▸ **About this exercise**
Here the job is to transcribe the data verbatim while leaving each picture out.

-------- Information shown --------

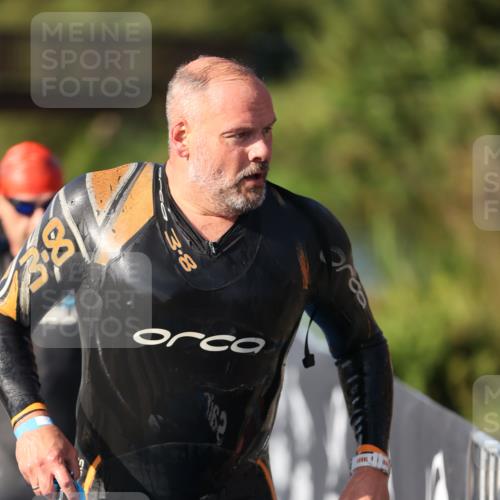 25.08.2024 - Elbe Triathlon Hamburg H.Heesch http://msf.ph/oto/6860287 25.08.2024 09:14:25 Schwimmen 338, 404, 414, 415, 419, 465 meine-sportfotos.de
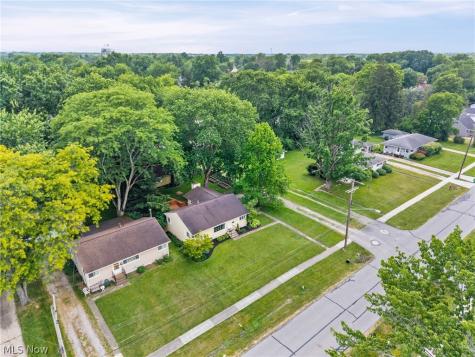 211 Wyleswood Drive Berea OH 44017
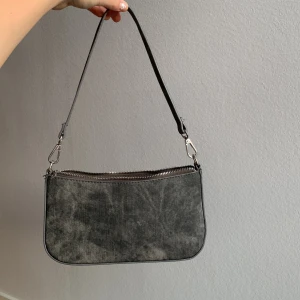 Handväska grå - Helt my handväska. Grå utvättad färg. Aldrig använd. Inga fläckar, med fickor på insidan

--------

▸ **Solution below**
 25.08.2024 - Elbe Triathlon Hamburg H.Heesch http://msf.ph/oto/6860287 25.08.2024 09:14:25 Schwimmen 338, 404, 414, 415, 419, 465 meine-sportfotos.de
 211 Wyleswood Drive Berea OH 44017
 Handväska grå - Helt my handväska. Grå utvättad färg. Aldrig använd. Inga fläckar, med fickor på insidan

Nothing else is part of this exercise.